------ DATA SUPPLIED ------

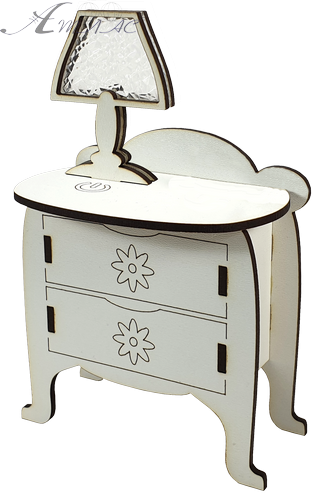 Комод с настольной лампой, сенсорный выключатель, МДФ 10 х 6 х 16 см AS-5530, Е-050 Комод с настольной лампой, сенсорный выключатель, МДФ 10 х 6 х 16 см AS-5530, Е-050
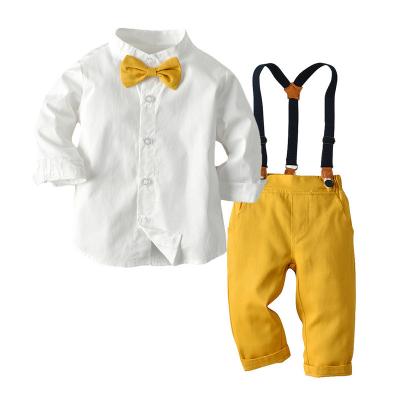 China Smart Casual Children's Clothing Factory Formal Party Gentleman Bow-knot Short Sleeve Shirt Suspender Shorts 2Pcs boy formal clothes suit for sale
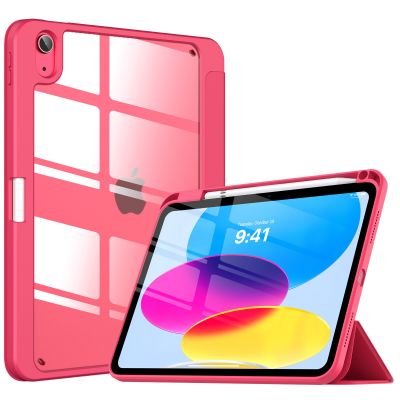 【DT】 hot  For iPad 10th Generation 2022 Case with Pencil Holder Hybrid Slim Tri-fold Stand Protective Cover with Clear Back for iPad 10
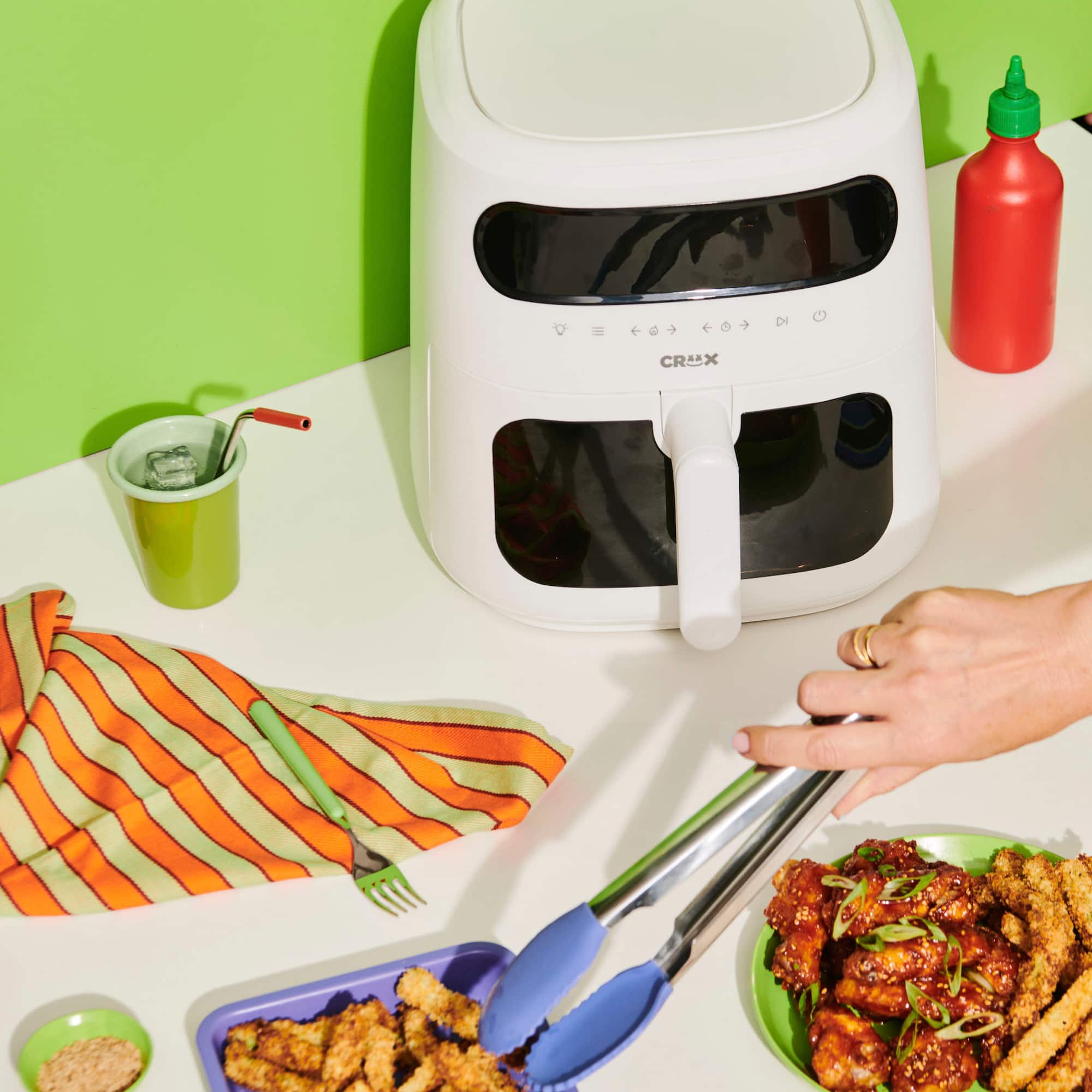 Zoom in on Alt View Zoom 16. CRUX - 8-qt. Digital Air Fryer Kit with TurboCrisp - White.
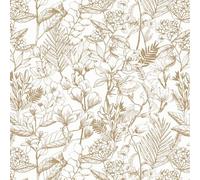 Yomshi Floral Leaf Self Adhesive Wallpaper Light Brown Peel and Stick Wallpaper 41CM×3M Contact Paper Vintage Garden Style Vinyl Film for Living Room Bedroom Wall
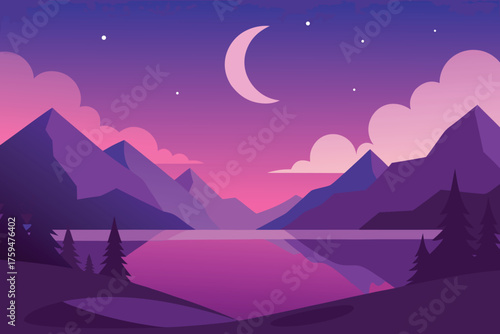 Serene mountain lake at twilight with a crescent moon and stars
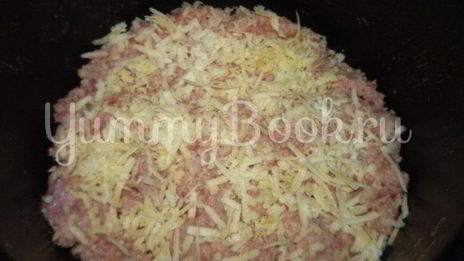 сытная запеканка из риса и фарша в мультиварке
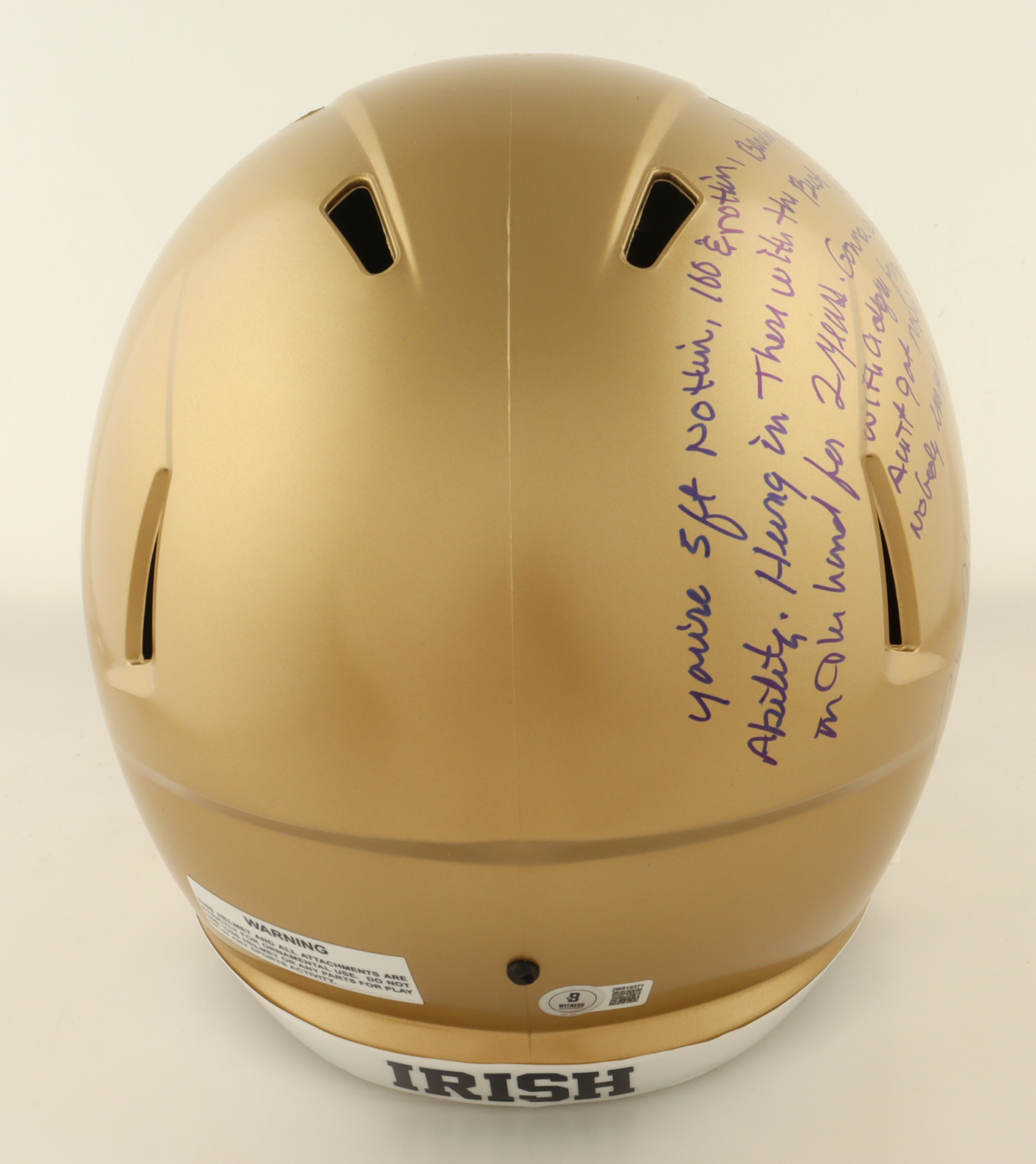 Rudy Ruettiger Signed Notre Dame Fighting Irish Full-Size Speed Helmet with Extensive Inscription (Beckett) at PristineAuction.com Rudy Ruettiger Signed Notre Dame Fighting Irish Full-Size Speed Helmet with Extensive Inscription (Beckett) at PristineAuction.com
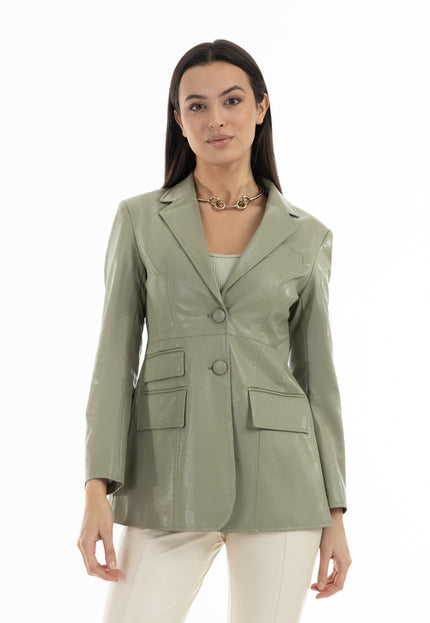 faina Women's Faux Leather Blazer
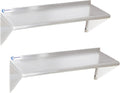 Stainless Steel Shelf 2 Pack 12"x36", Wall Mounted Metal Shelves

------

## WHAT YOU NEED TO DO
Reproduce the records word for word, please, from their first line up to and including the line that contains "сытная запеканка из", but no pictures.

## ANSWER BELOW
 Комод с настольной лампой, сенсорный выключатель, МДФ 10 х 6 х 16 см AS-5530, Е-050 Комод с настольной лампой, сенсорный выключатель, МДФ 10 х 6 х 16 см AS-5530, Е-050
 China Smart Casual Children's Clothing Factory Formal Party Gentleman Bow-knot Short Sleeve Shirt Suspender Shorts 2Pcs boy formal clothes suit for sale
 【DT】 hot  For iPad 10th Generation 2022 Case with Pencil Holder Hybrid Slim Tri-fold Stand Protective Cover with Clear Back for iPad 10
 Zoom in on Alt View Zoom 16. CRUX - 8-qt. Digital Air Fryer Kit with TurboCrisp - White.
 Yomshi Floral Leaf Self Adhesive Wallpaper Light Brown Peel and Stick Wallpaper 41CM×3M Contact Paper Vintage Garden Style Vinyl Film for Living Room Bedroom Wall
 Serene mountain lake at twilight with a crescent moon and stars
 сытная запеканка из риса и фарша в мультиварке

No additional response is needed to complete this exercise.